Logs: Loki or Elasticsearch
Grafana Loki is my current recommendation for most teams. It's cheaper than Elasticsearch, integrates natively with Grafana, and uses label-based indexing that's efficient for the query patterns most teams actually use.
Elasticsearch (via the ELK stack) is still relevant for teams that need full-text search across logs or have complex aggregation requirements. But for most use cases, Loki's simpler operational model wins.
Traces: Jaeger or Tempo
Grafana Tempo integrates with the Grafana stack and supports the OpenTelemetry protocol natively. Jaeger is a mature alternative with a strong UI for trace exploration.
The choice depends on your existing stack: if you're already running Grafana and Loki, Tempo is the natural fit. If you're on a different stack, Jaeger's standalone deployment is straightforward.
Alerting That Works
Alert Fatigue Is Real
The fastest way to make on-call miserable is alerting on everything. If your team gets 50 alerts per day, they'll ignore all of them — including the critical ones. I've seen teams where "mute all alerts" was an unofficial policy because the signal-to-noise ratio was so bad.
Alert Design Principles
Alert on symptoms, not causes. Alert on "error rate above 1% for 5 minutes," not "CPU above 80%." High CPU might be perfectly fine during a batch job; high error rate is always a problem.

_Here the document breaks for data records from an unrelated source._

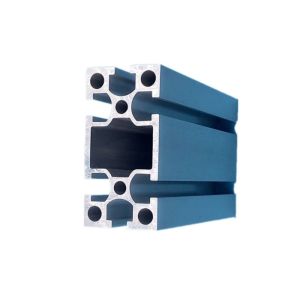 Buy cheap Design OEM 6063 / 6061 Alloy Aluminum Extruded Profiles Powder Painted from wholesalers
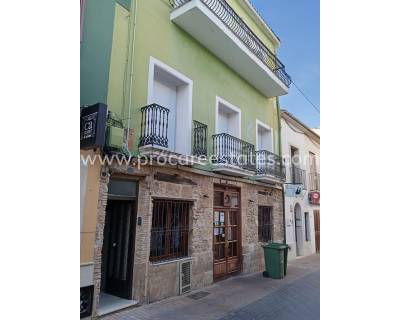 Wohnung - Verkauf - Denia - Casco urbano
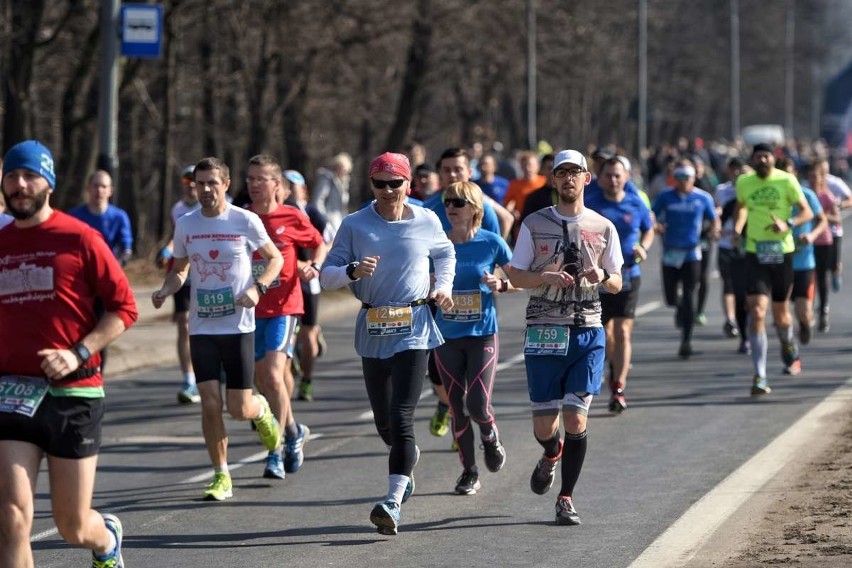 Maniacka Dziesiątka 2018 - ponad 5 tysięcy uczestników...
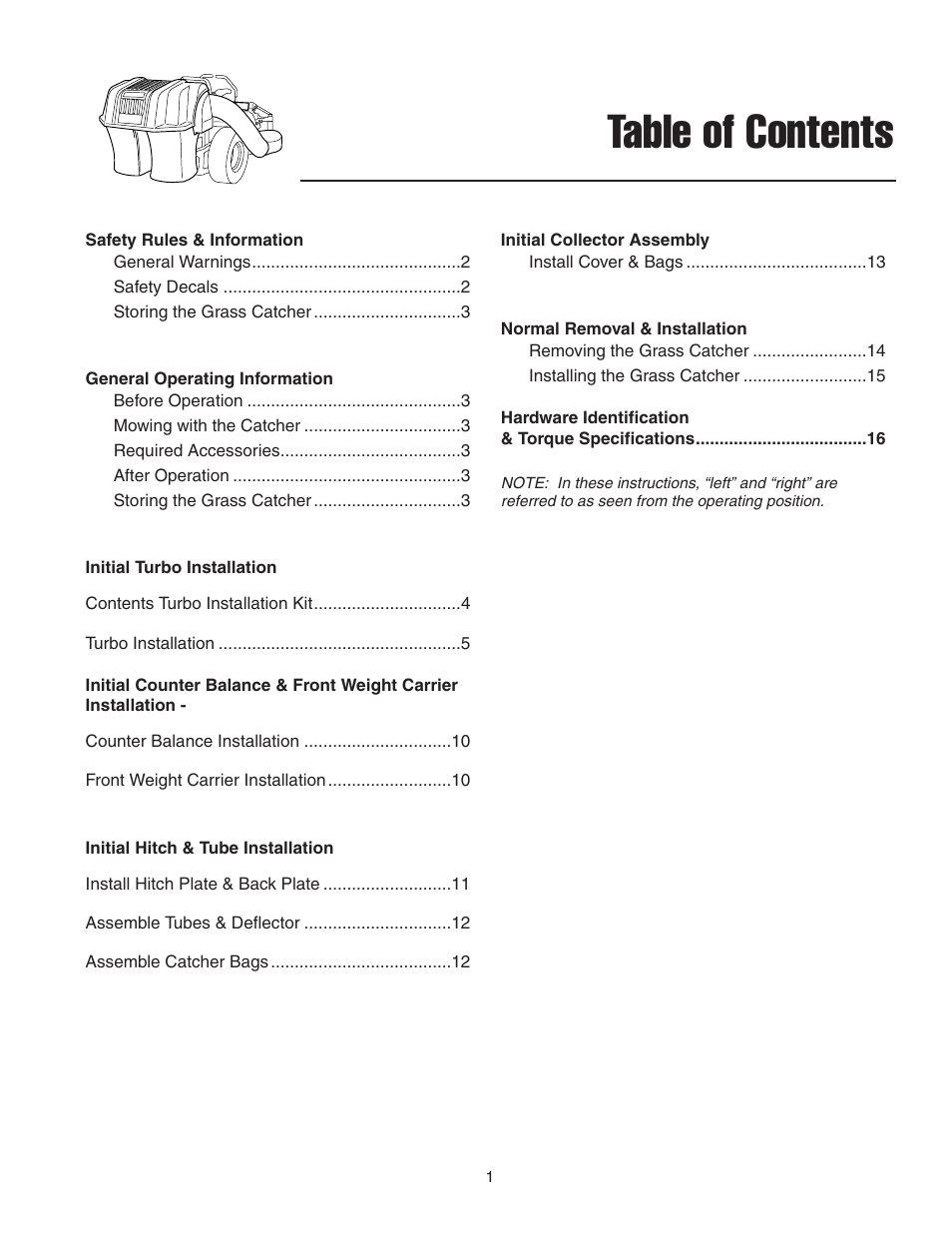 Simplicity 1694498 User Manual | Page 5 / 20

Every alert needs three things: a clear description of what's wrong, a runbook link explaining how to investigate and remediate, and appropriate severity (page for customer-facing issues, ticket for everything else).

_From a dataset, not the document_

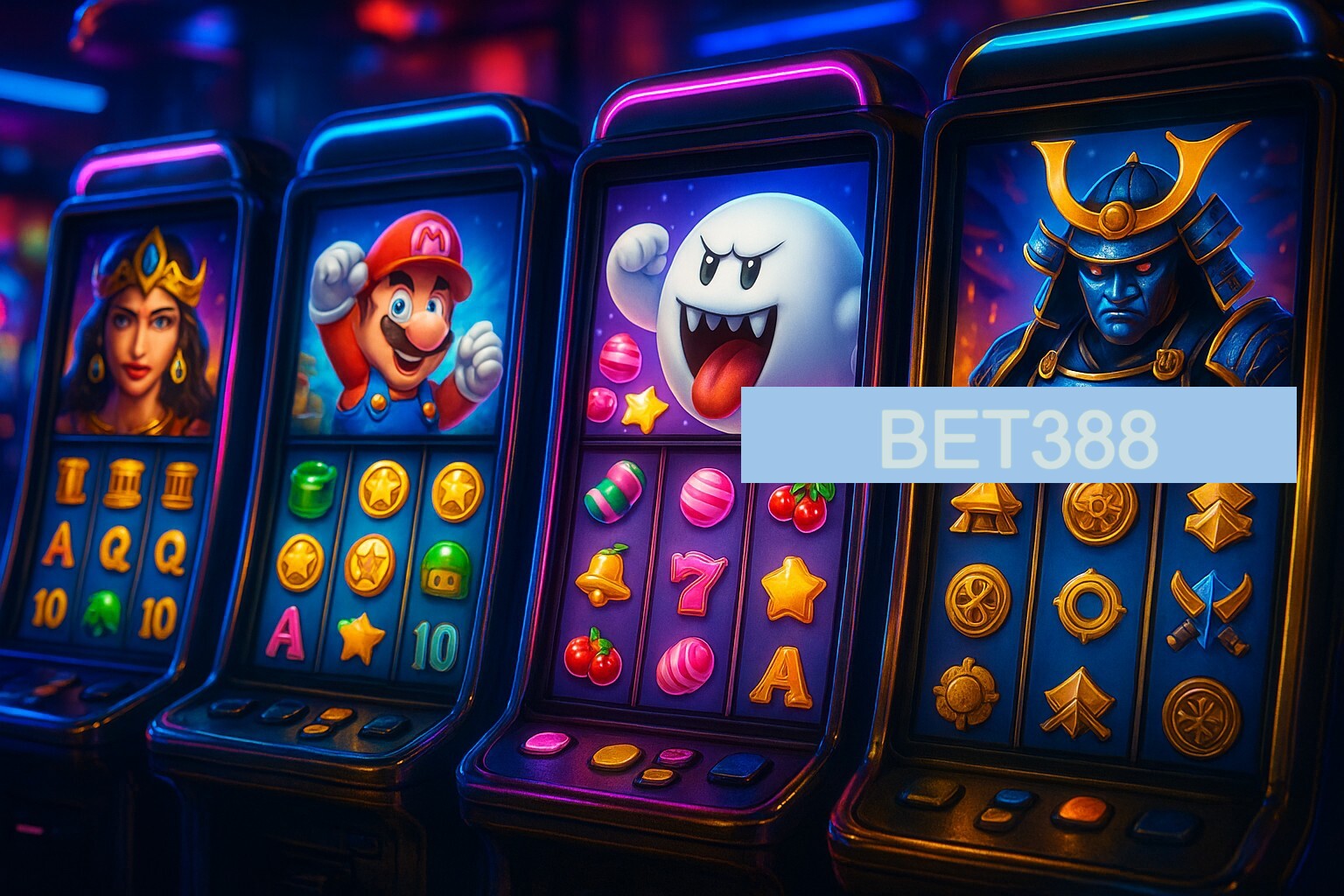 Slots Festivos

Use alert windows and thresholds that prevent flapping. A brief spike to 2% errors for 30 seconds might be a normal transient — alerting on it wastes attention. Use multi-window burn rate alerting: alert when the short-term burn rate (last 5 minutes) AND the long-term burn rate (last hour) both exceed thresholds.
Severity Levels
I use four severity levels: P1 (pages the on-call engineer immediately — service is down or data loss is occurring), P2 (pages during business hours — significant degradation affecting users), P3 (creates a ticket — non-urgent issue that needs attention within a few days), P4 (logged and reviewed weekly — optimization opportunities or cosmetic issues).

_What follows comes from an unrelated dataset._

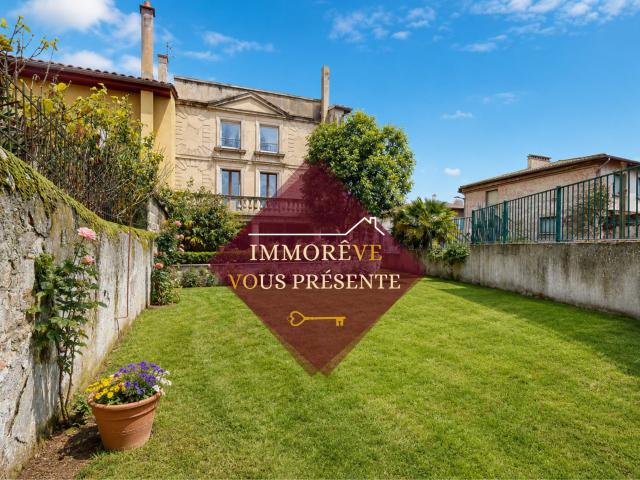 Spécial investisseurs Immeuble de rapport composé de 5 logements aux Roches de Condrieu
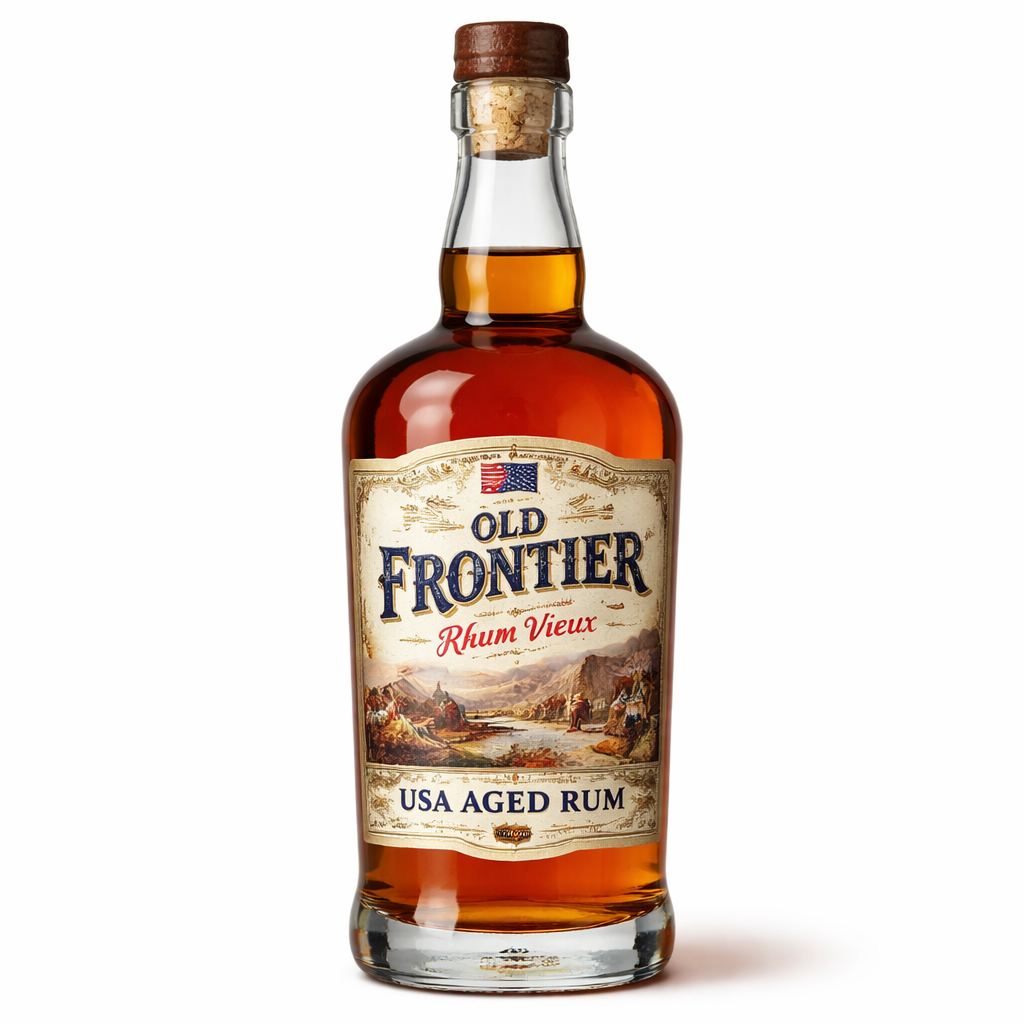 Rom Veche Baccardi Reserva Ocho Baccardi 8a SUA Nespecificat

P1 alerts should fire less than once per week on average. If you're getting P1 alerts daily, either your system is genuinely unreliable or your alert thresholds are wrong.
SLOs and Error Budgets
Service Level Objectives (SLOs) formalize your reliability targets. Instead of vague goals like "the service should be fast," you define specific, measurable objectives: "99.9% of requests complete within 500ms over a 30-day window."
Error budgets make SLOs actionable. If your SLO is 99.9% availability, you have a budget of 0.1% downtime per month (about 43 minutes). When the budget is healthy, you ship features aggressively. When it's burning fast, you prioritize reliability work.
This framework turns reliability from a perpetual guilt trip into a data-driven decision: "We've used 60% of our error budget this month, so let's hold off on risky deployments until next month" is a concrete, defensible decision.
Dashboard Design
The Four Dashboard Layers
Layer 1: Executive dashboard — one screen showing overall system health, SLO status, and key business metrics. Layer 2: Service dashboards — one per service, showing RED metrics, resource usage, and deployment markers. Layer 3: Investigation dashboards — detailed views for debugging specific issues (database performance, cache hit rates, queue depths). Layer 4: Infrastructure dashboards — node health, disk usage, network metrics.
Most engineers should live on Layer 2 and only drill into Layer 3 when investigating issues. If your team spends most of their time on infrastructure dashboards, something is wrong with your platform.
Getting Started
If you have no monitoring today, start with these three things: instrument your application with RED metrics (request rate, error rate, duration), set up structured logging with correlation IDs, and create one alert for each service's error rate exceeding 1% for 5 minutes. This minimal setup catches the majority of production issues and gives you a foundation to build on.